The reminiscences continue:
We remember that bear markets on the early 80’s and the “Double dip” recessions then as stock prices fell by more than 50% between the peak in ’77 and the bottom in the summer of ’82. We lived through the Crash of ’87 when the stock market fell 25% in the matter of a few days and when some individual stocks fell by 90+% in a few moments! Most of all we remember well the plunge in the stocks everywhere in the Dot.com collapse at the century’s turn when Microsoft’s shares fell by more than 60%; when Oracle and Nokia fell by nearly 80%; when Cisco’s shares fell by almost 90%...and these were the leading lights of the day. These were the FANGS of the time.
Closer to the present, Garmtan says that "we needn’t talk about the bear market of ’07-’09 for even the young among us should remember what happened then."
The sky had previously been the limit; the economy was strong; euphoria was abundant. The “music” was pleasant; the women were beautiful and elegantly dressed; the world was viewed through a jaded lens. But soon the music stopped; soon the champagne went flat; soon the men grew rowdy and troublesome and soon the great party ended… badly.
Putting the above together, Gartman declares triumphantly that "this then is our WATERSHED comment; it is time to hold cash; it is time to sell rallies; it is time not to buy weakness. As T.S. Elliot Said, “Hurry up now, it’s time.” We can trade other things bullishly, but equities we’ll not and as he markets rally this morning we shall watch from the sidelines… waiting to act."

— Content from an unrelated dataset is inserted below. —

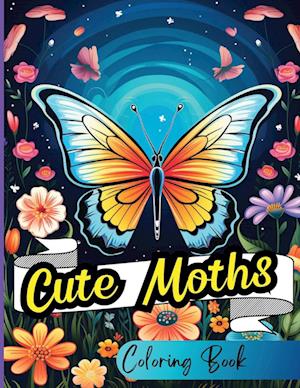 Cute Moths Coloring Book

Which would be great, if in the very same letter Gartman essentially admits he has no idea what he is doing:
We know that we have vacillated in our regard for equities of late, moving from bullish to bearish to bullish to bearish with too great regularity, but such is the demeanor of markets as they make important peaks: they make us appear foolish and ill advised, wearing out our margins and more importantly wearing out our psyches. But with the multiple “reversals” to the downside note above and with the volumes swelling each time as the markets fell and with the failures in so many instances well below the previous peaks, the stage finally is set for continued, manifest and perhaps material weakness going forward. Eventually, even “Old Turkey” is proven wrong.